Voters in Wards 4 and 8 will head to the polls Tuesday to choose new lawmakers in special elections that could win the District’s mayor crucial allies on the D.C. Council.
Eleven candidates are vying for council seats in each election — the Ward 4 seat was left vacant when D.C. Mayor Muriel Bowser took office in January and the Ward 8 seat when longtime political powerhouse Marion Barry died in November.
Bowser-backed candidates hold significant advantages in both races, making it likely that the new mayor will acquire support among the 13-member D.C. Council as she pursues her first-year agenda.
Ward 4 candidate Brandon Todd, who previously worked as Ms. Bowser’s constituent services director, has raised more than $360,000 in his bid, in part by raking in funds from donors who also have contributed to Ms. Bowser. With more than $160,000 on hand as of April 20, Mr. Todd entered the home stretch of the race with the most money to spend.
Ward 8 candidate LaRuby May, who served as Ms. Bowser’s Ward 8 coordinator in last year’s mayoral campaign, has similarly benefited from donors. Ms. May has outraised all of her competitors, bringing in nearly $270,000. While she had also $40,000 in the bank as of an April 20 campaign finance report, that was still more than double what her closest competitor has on hand to spend.
The Ward 8 race has centered on questions of who can authentically carry on Barry’s brand of leadership and whether a council member closely aligned with the mayor would be in residents’ best interest.
In the last month, two candidates dropped out of the Ward 8 race to jointly endorse former school board member Trayon White.
Meanwhile, a group of Ward 8 candidates promised a press conference last week to speak out against Ms. Bowser’s influence on the D.C. Council race only to cancel it at the last minute.
It has left community activist Eugene Kinlow; Sheila Bunn, former deputy chief of staff for Mayor Vince C. Gray; Natalie Williams, president of Ward 8 Democrats; Marion C. Barry, potential heir to his father’s council seat; and five others working frantically in the waning days of the campaign to build a groundswell of opposition to knock Ms. May out of front-runner status.
Civic activist Phil Pannell said voters in Ward 8, the city’s poorest, are looking for a candidate who will address their plight and advocate for the disadvantaged.
“Even though no one could ever fill Marion Barry’s shoes, they want someone who is at least out there speaking out for the economically disadvantaged,” Mr. Pannell said. “That’s one of the reasons you saw the candidates saying they are very much part of the Marion Barry legacy.”
He said he believes that because Ms. Bowser has been so visible in Ward 8 since her November election that residents will not see a candidate’s close ties with the mayor as a bad thing.

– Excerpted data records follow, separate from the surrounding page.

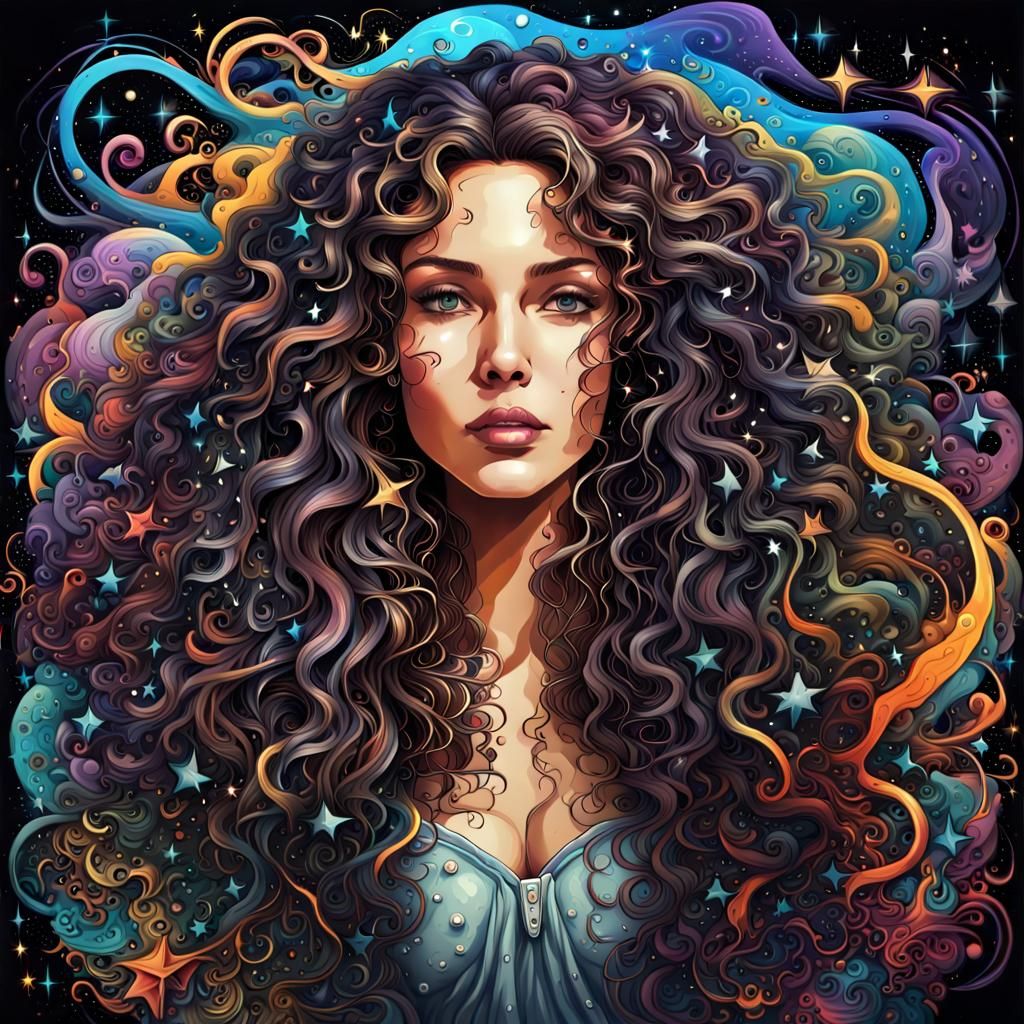 Goddess of Educational Technology in Graffiti Art Style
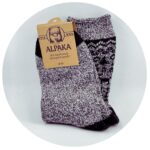 sokken van alpacawol grijs/zwart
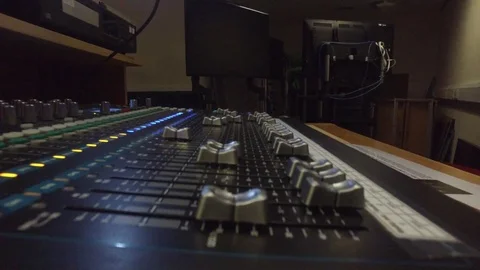 Television studio sound board Stock Footage 75474689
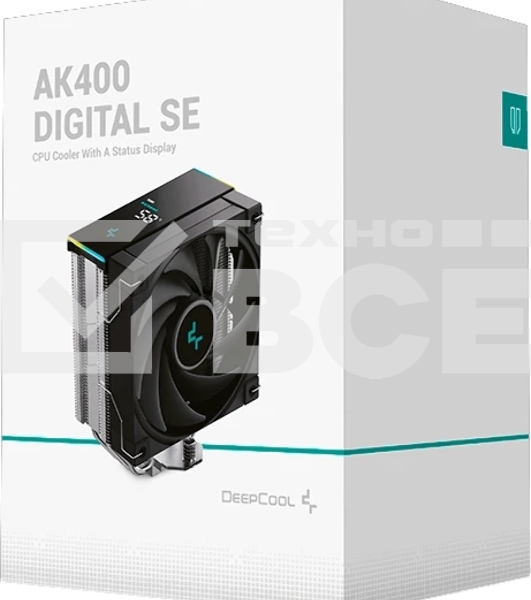 Устройство охлаждения(кулер) Deepcool AK400 Digital SE Soc-AM5/AM4/1200/1700/1851 черный 4-pin 19-28dB Al+Cu LCD 220W 812gr Ret (R-AK400-BKADMN-GJD)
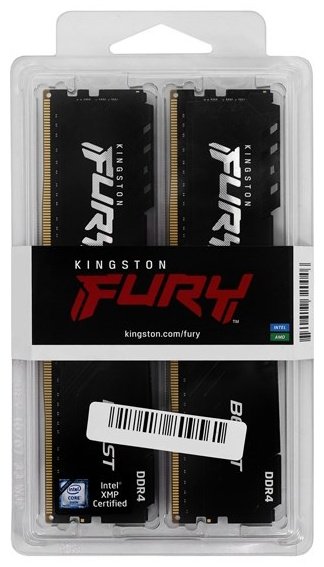 Оперативная память Kingston Fury Beast KF436C18BBK2/32 32Gb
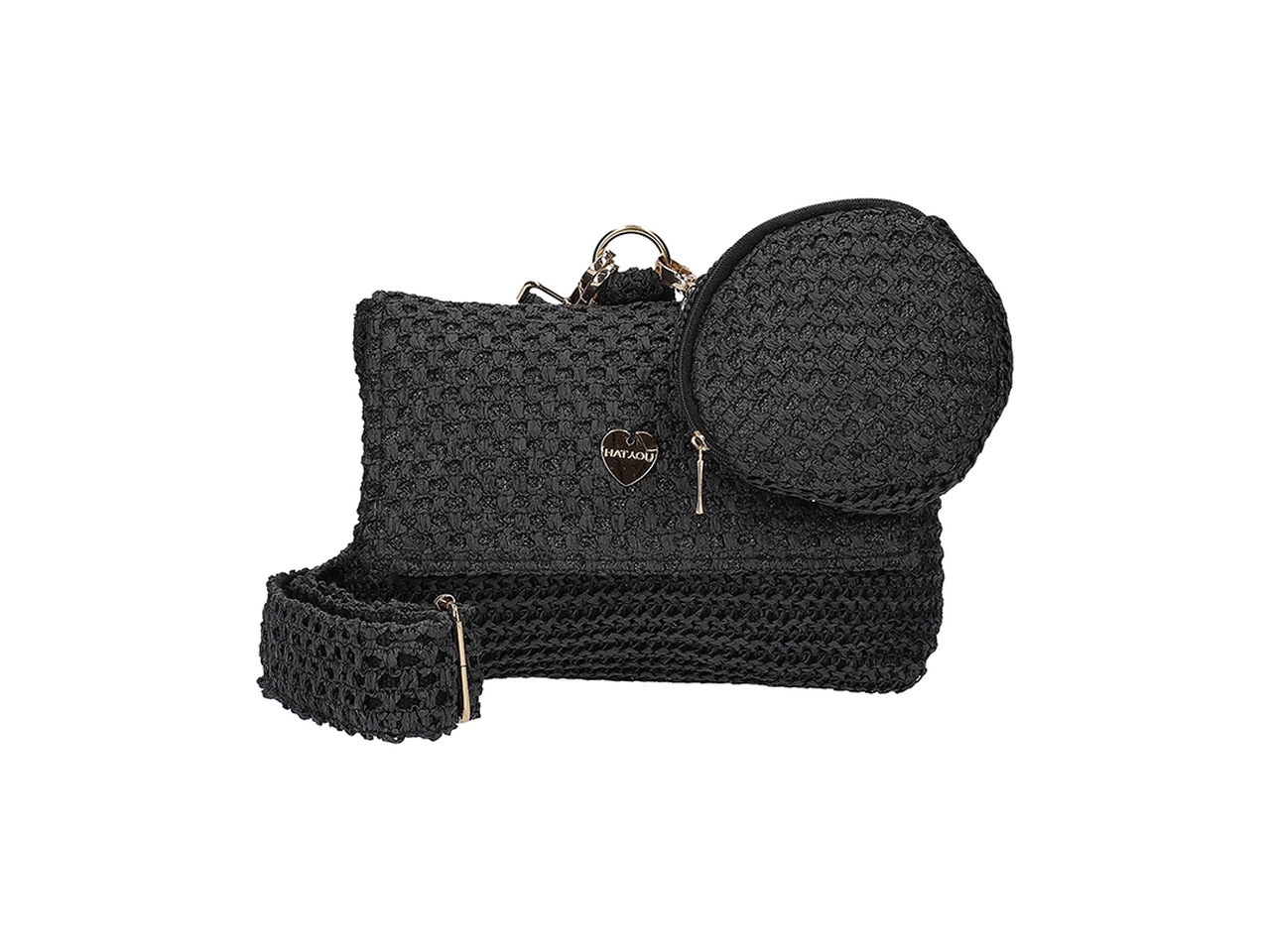BORSA C/POCHETTE+TRACOL.NERA BP0342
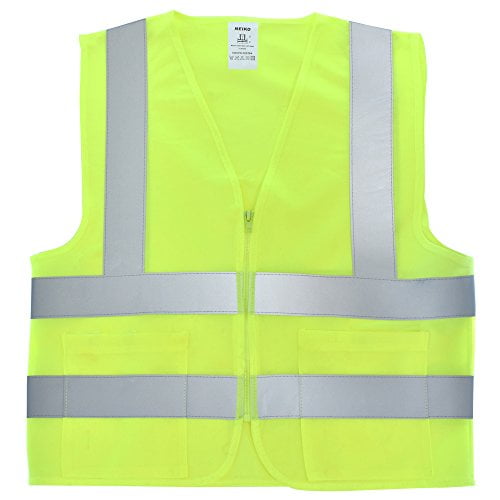 Yellow Perfect Fitness Reflective Safety Vest 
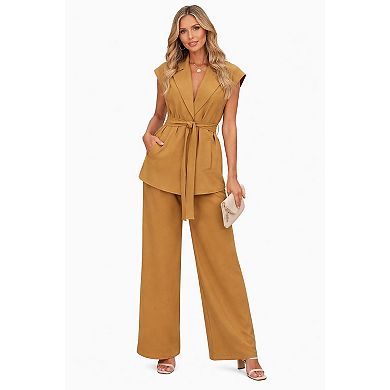 Women Casual Vest Pants Set
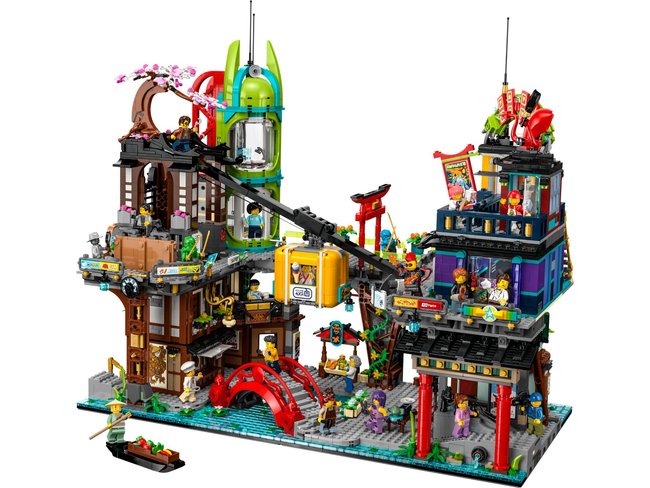 Das Lego-Set: Die Gärten von Ninjago Das Lego-Set: Die Gärten von Ninjago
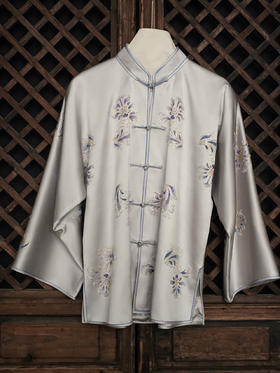 盛唐牡丹大师系列| 重工盘金烟花朵朵苏绣外套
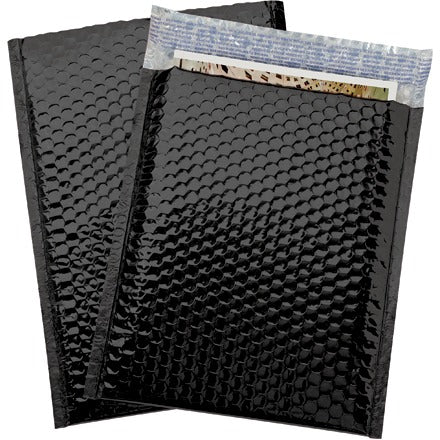 BSC PREFERRED Bsc Preferred GBM0911BK Black Metallic Bubble Mailers 100pk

“It’s very beneficial to the ward to have a council member who is aligned with the mayor,” Mr. Pannell said. “It’s certainly not helpful to have one who is adversarial.”
In Ward 4, Mr. Todd vies with a bevy of Advisory Neighborhood Commission leaders, including Renee Bowser, Ron Austin, Judi Jones, Acqunetta Anderson, and Dwayne Toliver.
Mr. Gray, the former mayor, endorsed Mr. Toliver, a real estate attorney. Renee Bowser, who is not related to the mayor, has been backed by several unions.
As in Ward 8, at least one candidate backed out of the race to endorse another in Ward 4. Leon T. Andrews Jr., who works as a program director at the National League of Cities, received support from ANC member Doug Sloan. Mr. Andrews, who raised $144,000 thanks in part to a $90,000 self loan, is Mr. Todd’s closest rival financially.
Turnout is generally light in special elections, so a small number of voters could pick a winner in a tight race.
As of Friday, the D.C. Board of Elections reported that 1,068 voters had cast ballots at the Ward 4 early voting station, 1,092 residents had cast ballots at the Ward 8 station, and 486 people had voted at Judiciary Square, which accepted ballots from both wards.